[Assignment] Retype, word for word, every line starting at the line with "2023 Nissan Pathfinder Platinum photo 19" and ending with the final line of the entries; skip the pictures.

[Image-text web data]
◆ ◆ ◆
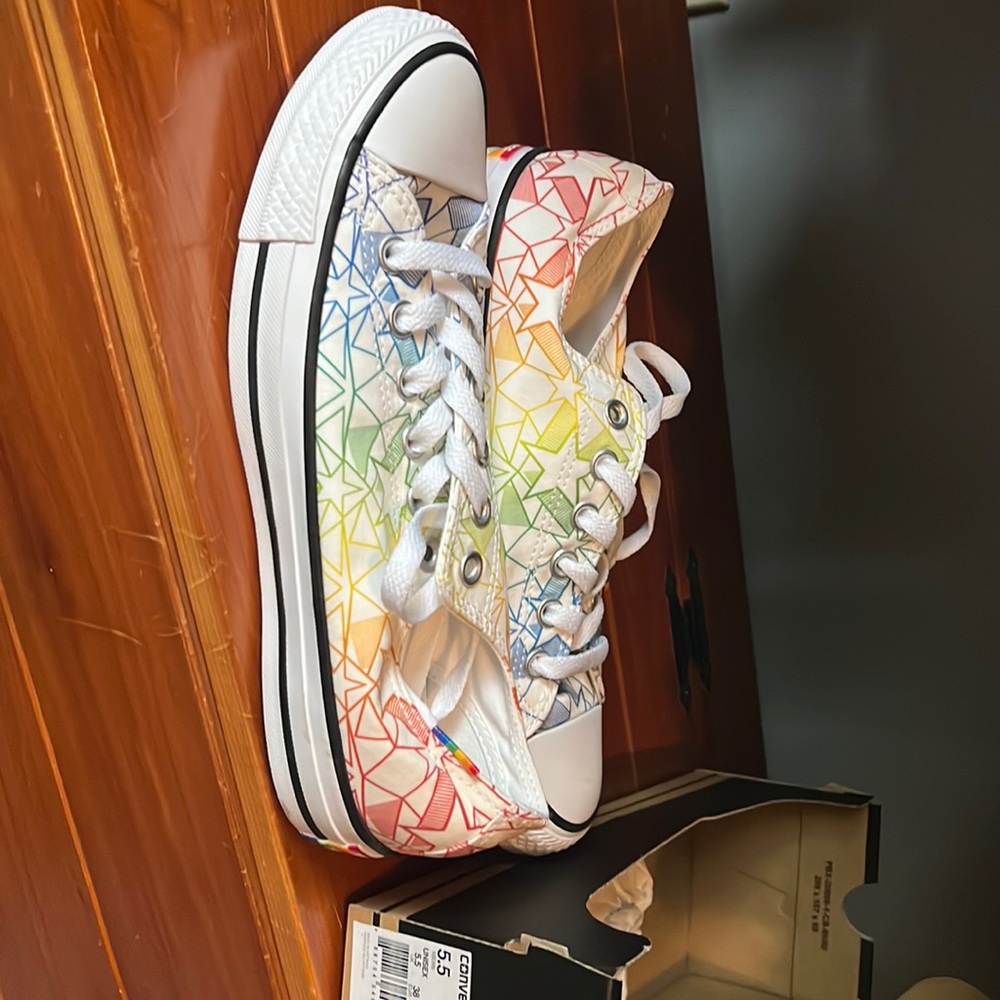 Converses all star ⭐️ rainbow star ⭐️ shoes size 7.5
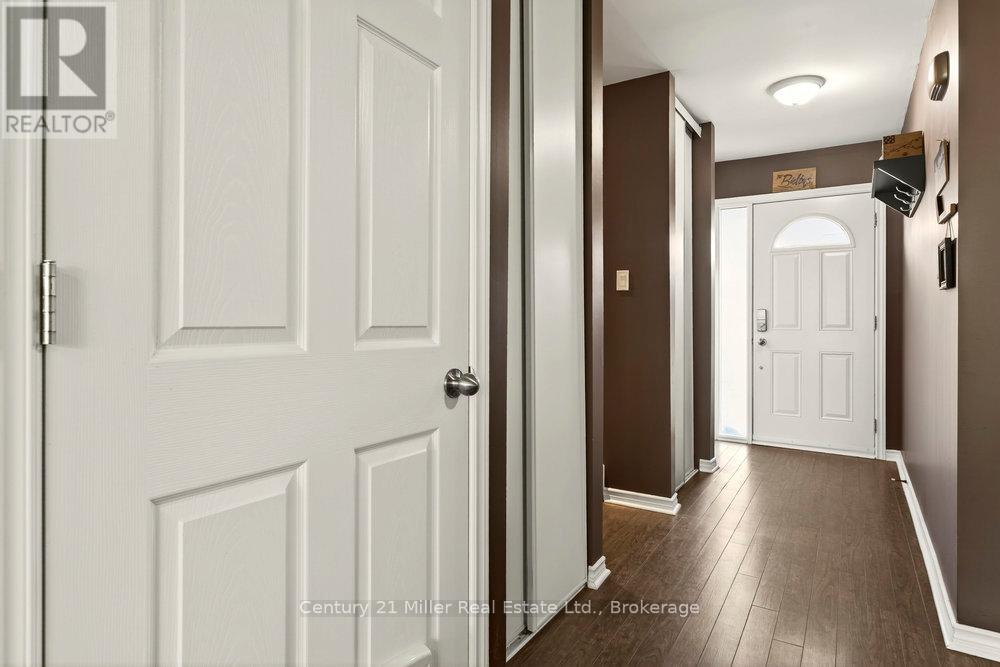 69 - 2050 Upper Middle Road, Burlington, Ontario  L7P 3R9 - Photo 3 - W12853676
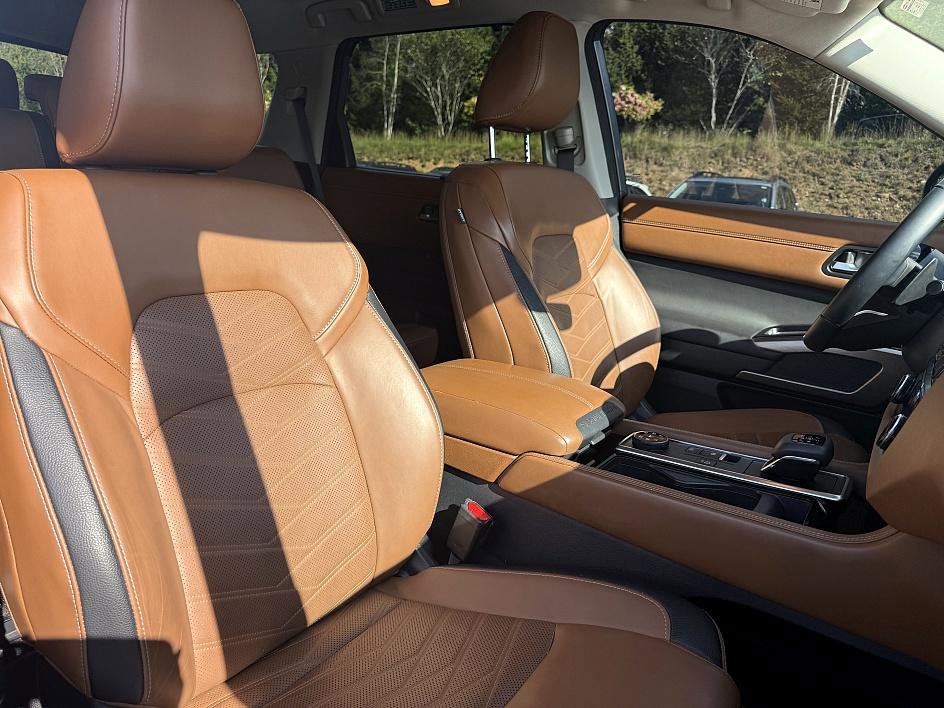 2023 Nissan Pathfinder Platinum photo 19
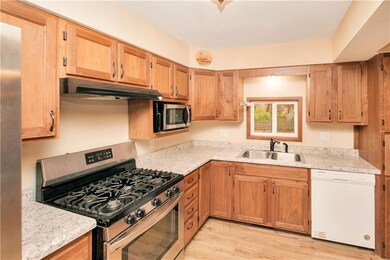 3233 E Clinton Ave, Des Moines, IA 50317 - photo 2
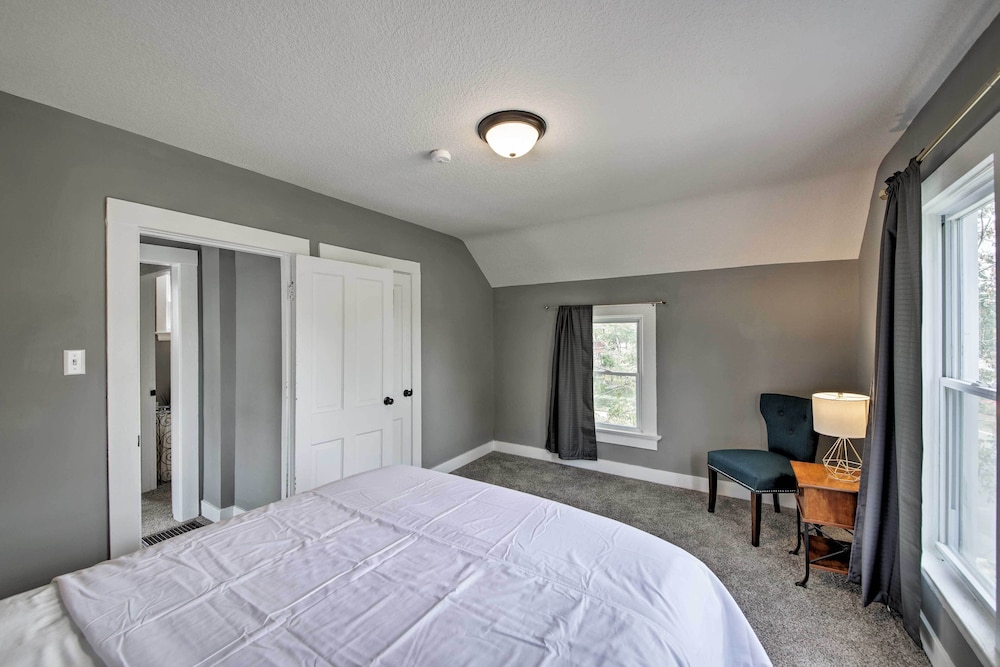 Lakeside Garden Home - 1 Mile to Main Street!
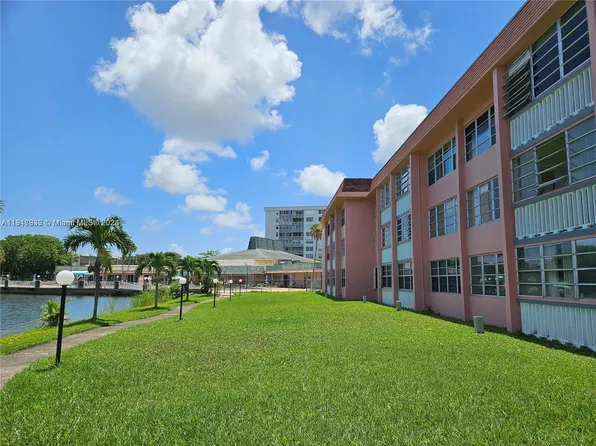 18555 NE 14th Ave APT 517, Miami, FL 33179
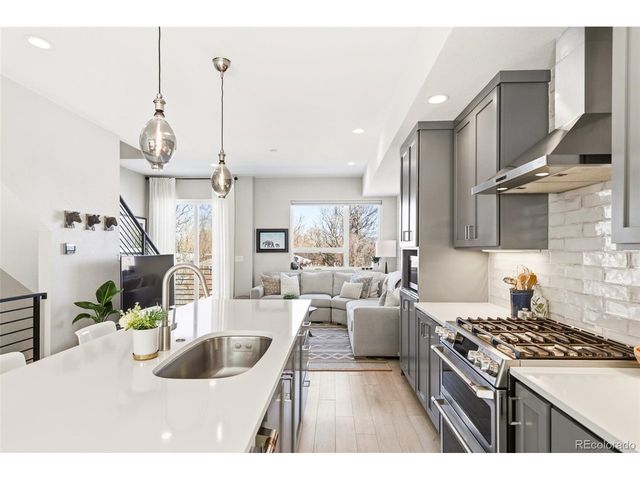 1635 Harlan St 4, Lakewood, CO 80214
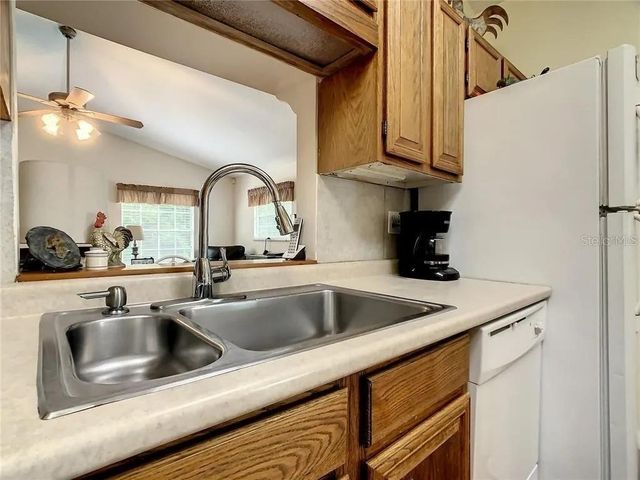 17444 EAST ROAD, Umatilla, FL 32784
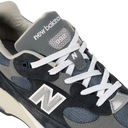 New Balance 992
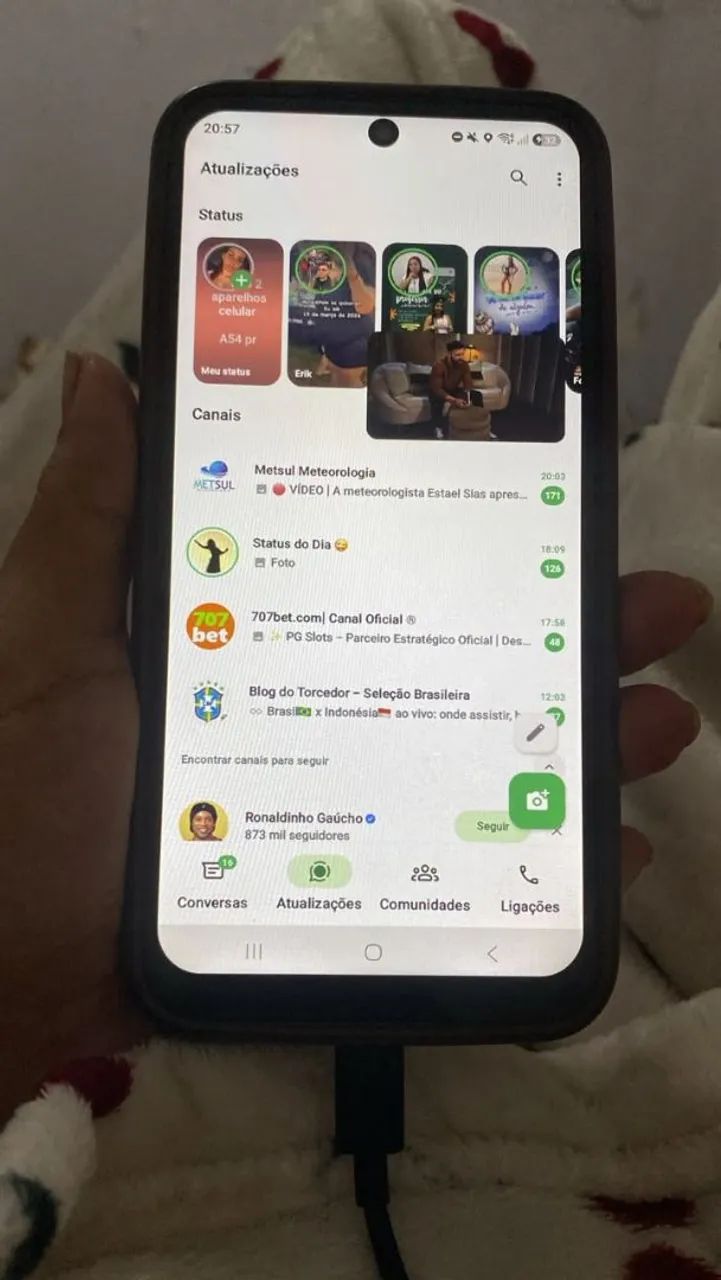 A54 e iPhone 11 - Foto 3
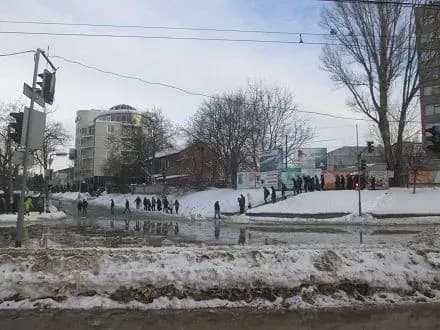 Через прорив труби у Вінниці частково обмежено рух транспорту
◆ ◆ ◆
[Output]
 2023 Nissan Pathfinder Platinum photo 19
 3233 E Clinton Ave, Des Moines, IA 50317 - photo 2
 Lakeside Garden Home - 1 Mile to Main Street!
 18555 NE 14th Ave APT 517, Miami, FL 33179
 1635 Harlan St 4, Lakewood, CO 80214
 17444 EAST ROAD, Umatilla, FL 32784
 New Balance 992
 A54 e iPhone 11 - Foto 3
 Через прорив труби у Вінниці частково обмежено рух транспорту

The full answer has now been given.